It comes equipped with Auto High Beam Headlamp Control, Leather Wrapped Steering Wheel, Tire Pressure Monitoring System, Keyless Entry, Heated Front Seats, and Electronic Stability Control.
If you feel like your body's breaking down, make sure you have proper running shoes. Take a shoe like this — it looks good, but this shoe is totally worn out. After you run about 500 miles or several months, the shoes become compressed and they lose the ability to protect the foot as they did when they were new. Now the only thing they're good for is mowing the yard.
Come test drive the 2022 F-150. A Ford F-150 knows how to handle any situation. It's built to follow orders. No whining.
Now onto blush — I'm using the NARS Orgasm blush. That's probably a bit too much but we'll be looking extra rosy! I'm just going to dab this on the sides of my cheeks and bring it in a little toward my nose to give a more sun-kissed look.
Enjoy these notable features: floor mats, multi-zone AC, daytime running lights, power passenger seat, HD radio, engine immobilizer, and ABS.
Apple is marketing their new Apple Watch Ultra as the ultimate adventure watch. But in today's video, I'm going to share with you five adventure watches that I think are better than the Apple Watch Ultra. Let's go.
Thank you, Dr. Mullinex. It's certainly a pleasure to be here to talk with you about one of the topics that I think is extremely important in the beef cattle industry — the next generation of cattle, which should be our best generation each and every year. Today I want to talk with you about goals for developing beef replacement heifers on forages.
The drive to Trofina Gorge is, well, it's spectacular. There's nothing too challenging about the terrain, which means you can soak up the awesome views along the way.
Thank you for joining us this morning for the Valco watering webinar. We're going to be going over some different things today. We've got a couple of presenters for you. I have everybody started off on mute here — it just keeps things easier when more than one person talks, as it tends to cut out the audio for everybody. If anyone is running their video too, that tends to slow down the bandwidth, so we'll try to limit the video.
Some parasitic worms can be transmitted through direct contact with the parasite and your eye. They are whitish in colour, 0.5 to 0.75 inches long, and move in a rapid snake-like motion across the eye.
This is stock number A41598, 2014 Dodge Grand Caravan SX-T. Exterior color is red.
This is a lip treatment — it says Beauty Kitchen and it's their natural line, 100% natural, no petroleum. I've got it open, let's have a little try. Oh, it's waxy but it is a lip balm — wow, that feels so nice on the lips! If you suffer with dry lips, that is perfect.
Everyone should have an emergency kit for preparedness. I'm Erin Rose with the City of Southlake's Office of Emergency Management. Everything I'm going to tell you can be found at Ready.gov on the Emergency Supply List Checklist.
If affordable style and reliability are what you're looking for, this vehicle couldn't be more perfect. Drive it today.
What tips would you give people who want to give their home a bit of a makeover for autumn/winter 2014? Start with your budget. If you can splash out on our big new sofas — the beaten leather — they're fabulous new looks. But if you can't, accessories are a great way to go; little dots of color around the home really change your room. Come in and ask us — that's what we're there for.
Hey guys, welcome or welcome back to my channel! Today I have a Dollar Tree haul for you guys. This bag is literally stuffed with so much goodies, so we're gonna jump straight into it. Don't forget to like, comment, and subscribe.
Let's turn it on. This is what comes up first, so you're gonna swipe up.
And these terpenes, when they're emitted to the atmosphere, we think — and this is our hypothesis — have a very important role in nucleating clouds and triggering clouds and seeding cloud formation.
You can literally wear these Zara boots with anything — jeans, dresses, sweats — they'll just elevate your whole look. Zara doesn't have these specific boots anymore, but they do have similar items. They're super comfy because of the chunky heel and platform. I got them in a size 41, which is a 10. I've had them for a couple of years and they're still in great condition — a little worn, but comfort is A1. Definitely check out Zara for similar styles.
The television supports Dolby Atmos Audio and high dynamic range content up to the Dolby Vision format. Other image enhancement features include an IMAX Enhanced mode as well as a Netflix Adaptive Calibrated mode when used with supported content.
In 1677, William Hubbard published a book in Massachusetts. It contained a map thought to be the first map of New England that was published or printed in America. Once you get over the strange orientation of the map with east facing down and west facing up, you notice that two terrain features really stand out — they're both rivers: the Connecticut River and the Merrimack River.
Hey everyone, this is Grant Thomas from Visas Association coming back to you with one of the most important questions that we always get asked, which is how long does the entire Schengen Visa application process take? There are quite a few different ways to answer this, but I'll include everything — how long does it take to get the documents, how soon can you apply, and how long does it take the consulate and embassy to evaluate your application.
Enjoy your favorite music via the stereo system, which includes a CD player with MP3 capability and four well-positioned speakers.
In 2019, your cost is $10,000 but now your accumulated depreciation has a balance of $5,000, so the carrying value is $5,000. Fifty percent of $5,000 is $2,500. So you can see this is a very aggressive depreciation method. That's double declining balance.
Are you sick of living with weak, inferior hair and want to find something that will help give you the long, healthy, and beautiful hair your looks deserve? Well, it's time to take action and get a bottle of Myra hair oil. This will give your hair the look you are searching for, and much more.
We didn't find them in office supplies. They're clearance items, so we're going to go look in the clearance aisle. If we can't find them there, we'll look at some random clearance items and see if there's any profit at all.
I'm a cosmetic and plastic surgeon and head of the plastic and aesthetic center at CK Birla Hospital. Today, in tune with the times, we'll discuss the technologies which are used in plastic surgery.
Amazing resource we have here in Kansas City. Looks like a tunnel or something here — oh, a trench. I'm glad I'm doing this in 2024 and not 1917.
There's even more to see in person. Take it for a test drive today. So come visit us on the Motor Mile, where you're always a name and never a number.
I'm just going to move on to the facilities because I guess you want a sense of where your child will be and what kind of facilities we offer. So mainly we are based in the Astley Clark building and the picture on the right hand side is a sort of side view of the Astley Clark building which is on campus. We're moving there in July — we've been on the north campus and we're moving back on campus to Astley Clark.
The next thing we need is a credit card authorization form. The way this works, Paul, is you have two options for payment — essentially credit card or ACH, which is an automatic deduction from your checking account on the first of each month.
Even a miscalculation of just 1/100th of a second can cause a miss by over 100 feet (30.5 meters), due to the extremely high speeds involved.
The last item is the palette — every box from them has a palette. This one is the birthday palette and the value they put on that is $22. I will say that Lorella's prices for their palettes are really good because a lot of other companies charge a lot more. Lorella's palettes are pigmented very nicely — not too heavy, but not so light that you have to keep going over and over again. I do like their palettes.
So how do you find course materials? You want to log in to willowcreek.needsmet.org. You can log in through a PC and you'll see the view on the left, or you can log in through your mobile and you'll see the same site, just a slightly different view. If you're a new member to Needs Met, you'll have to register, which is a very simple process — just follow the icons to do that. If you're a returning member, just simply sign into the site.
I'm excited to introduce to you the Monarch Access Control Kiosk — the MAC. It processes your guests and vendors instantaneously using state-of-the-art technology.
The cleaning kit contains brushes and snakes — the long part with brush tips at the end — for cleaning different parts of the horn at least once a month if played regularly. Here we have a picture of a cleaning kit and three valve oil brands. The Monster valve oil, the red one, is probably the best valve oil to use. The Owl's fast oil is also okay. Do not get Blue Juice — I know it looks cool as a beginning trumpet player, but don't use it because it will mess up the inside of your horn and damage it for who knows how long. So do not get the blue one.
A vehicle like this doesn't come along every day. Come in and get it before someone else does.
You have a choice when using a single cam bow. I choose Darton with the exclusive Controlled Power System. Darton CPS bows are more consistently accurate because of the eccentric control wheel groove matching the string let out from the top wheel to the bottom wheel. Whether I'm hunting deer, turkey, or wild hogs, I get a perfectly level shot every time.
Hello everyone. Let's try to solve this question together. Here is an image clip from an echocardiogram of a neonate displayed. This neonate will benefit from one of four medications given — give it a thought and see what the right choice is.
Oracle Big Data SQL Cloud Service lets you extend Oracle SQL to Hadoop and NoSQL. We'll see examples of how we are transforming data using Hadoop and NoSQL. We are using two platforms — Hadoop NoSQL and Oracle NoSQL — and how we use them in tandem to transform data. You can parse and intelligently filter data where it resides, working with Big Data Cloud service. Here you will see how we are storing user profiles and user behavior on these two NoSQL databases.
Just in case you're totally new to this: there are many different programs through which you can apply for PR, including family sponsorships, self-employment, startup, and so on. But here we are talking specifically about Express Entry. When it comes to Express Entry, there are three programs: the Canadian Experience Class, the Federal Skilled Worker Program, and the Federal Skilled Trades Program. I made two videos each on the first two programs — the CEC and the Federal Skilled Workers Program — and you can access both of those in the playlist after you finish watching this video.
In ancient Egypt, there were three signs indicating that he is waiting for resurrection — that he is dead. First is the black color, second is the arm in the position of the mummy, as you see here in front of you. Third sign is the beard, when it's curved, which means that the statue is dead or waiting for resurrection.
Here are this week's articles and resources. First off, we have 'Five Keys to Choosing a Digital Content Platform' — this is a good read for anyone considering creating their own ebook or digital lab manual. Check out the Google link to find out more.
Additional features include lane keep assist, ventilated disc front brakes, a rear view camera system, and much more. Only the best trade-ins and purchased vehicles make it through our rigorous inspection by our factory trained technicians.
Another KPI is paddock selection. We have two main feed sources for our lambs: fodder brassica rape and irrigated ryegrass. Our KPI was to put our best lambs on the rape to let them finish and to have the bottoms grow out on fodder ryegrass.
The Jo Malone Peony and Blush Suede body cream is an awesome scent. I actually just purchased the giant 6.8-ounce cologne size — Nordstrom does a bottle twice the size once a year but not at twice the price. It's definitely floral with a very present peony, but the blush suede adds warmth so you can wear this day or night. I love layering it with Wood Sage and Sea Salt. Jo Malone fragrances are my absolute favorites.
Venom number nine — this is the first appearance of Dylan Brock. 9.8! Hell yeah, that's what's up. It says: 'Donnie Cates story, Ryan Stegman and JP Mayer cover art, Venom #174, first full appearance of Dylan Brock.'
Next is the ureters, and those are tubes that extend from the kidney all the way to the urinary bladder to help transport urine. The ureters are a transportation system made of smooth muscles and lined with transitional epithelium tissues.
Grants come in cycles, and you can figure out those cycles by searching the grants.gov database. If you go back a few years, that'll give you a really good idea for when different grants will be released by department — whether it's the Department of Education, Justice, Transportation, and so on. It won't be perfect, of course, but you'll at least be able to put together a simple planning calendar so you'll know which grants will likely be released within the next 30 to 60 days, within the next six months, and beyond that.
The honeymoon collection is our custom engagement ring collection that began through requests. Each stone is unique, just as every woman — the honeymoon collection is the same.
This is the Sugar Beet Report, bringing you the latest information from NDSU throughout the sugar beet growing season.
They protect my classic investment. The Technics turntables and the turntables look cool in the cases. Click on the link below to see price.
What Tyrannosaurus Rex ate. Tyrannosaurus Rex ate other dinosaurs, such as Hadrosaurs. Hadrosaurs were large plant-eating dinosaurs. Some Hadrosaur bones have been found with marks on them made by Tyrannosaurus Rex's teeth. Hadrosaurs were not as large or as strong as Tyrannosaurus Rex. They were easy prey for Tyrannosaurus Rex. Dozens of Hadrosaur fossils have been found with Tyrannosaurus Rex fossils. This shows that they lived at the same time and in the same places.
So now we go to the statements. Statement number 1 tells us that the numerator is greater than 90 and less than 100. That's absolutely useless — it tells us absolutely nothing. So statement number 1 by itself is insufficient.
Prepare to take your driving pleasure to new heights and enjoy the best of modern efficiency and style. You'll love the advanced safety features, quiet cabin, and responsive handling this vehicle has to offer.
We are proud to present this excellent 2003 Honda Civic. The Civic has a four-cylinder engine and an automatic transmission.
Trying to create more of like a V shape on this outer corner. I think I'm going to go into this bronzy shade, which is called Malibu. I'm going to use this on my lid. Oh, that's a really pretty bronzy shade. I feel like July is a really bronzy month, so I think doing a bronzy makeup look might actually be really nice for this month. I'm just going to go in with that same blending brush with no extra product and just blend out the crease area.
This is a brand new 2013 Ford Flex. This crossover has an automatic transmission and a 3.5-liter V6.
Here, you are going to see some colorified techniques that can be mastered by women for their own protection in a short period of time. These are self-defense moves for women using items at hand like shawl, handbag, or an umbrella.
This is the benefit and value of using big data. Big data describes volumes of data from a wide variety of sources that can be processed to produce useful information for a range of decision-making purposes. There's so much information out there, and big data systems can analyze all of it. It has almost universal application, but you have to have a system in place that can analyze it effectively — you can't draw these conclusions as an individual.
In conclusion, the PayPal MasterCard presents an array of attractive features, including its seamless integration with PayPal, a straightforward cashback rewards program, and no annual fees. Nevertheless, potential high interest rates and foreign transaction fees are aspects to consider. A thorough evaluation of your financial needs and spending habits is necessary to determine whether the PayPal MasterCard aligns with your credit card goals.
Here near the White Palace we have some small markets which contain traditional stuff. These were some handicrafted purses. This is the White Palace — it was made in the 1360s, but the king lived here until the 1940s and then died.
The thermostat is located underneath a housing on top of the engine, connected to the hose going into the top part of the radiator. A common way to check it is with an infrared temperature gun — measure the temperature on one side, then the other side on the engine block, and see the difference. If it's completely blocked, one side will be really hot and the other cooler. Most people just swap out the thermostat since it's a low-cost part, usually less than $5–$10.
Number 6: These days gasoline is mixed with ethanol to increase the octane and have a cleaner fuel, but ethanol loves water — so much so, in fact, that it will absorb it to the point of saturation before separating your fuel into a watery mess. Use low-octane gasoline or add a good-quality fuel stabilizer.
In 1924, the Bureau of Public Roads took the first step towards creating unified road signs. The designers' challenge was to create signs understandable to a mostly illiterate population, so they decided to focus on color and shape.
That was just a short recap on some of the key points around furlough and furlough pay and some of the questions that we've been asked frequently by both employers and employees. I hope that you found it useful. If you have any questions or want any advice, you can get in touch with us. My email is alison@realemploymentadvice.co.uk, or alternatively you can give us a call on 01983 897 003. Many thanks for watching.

WHAT YOU HAVE TO DO → From the material above, copy exactly the lines between the line holding "In ancient Egypt, there" and the line holding "Additional features include", inclusive, and only those.

EXERCISE RESPONSE →
In ancient Egypt, there were three signs indicating that he is waiting for resurrection — that he is dead. First is the black color, second is the arm in the position of the mummy, as you see here in front of you. Third sign is the beard, when it's curved, which means that the statue is dead or waiting for resurrection.
Here are this week's articles and resources. First off, we have 'Five Keys to Choosing a Digital Content Platform' — this is a good read for anyone considering creating their own ebook or digital lab manual. Check out the Google link to find out more.
Additional features include lane keep assist, ventilated disc front brakes, a rear view camera system, and much more. Only the best trade-ins and purchased vehicles make it through our rigorous inspection by our factory trained technicians.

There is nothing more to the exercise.